Dataset Block Start

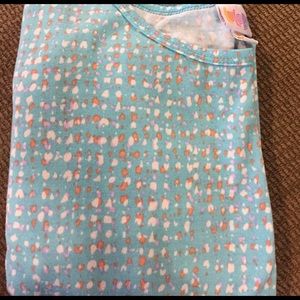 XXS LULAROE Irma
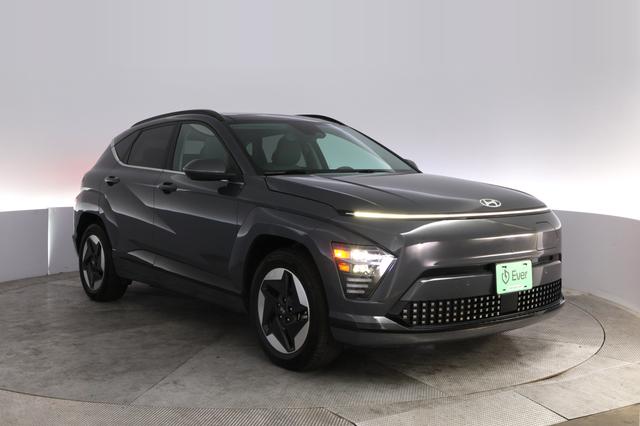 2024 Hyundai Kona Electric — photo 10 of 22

Dataset Block End
Dataset Block Start

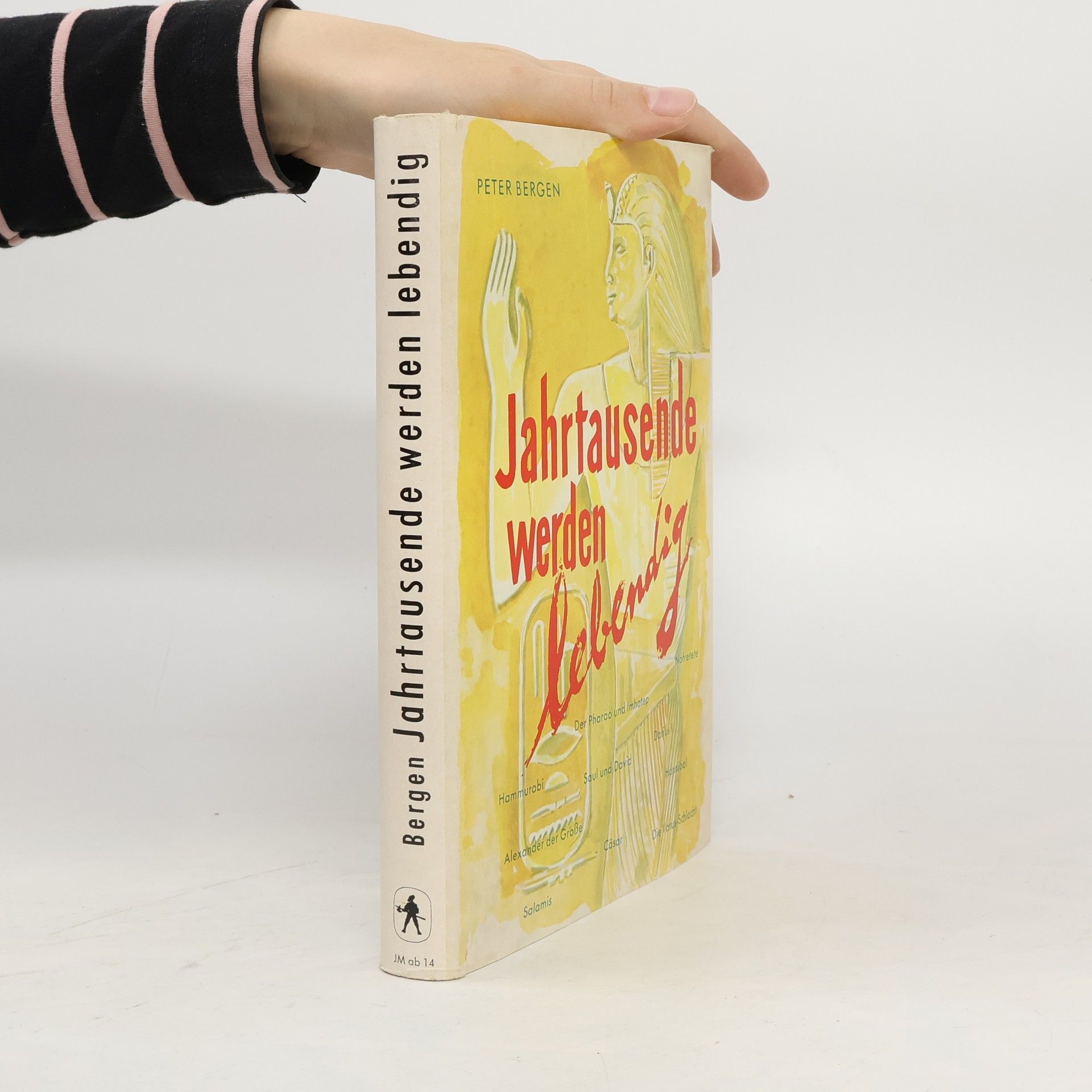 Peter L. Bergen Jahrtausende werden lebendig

Dataset Block End
Dataset Block Start

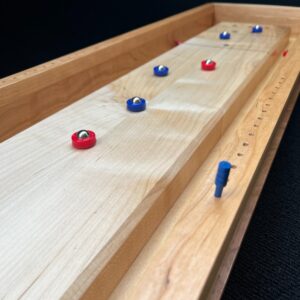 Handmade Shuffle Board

Dataset Block End

How to complete this task: When you reach the line with "XXS LULAROE Irma" in the records above, begin repeating the lines exactly, and stop after the line with "2024 Hyundai Kona Electric — photo 10 of 22". Skip all pictures.

Finished task:
 XXS LULAROE Irma
 2024 Hyundai Kona Electric — photo 10 of 22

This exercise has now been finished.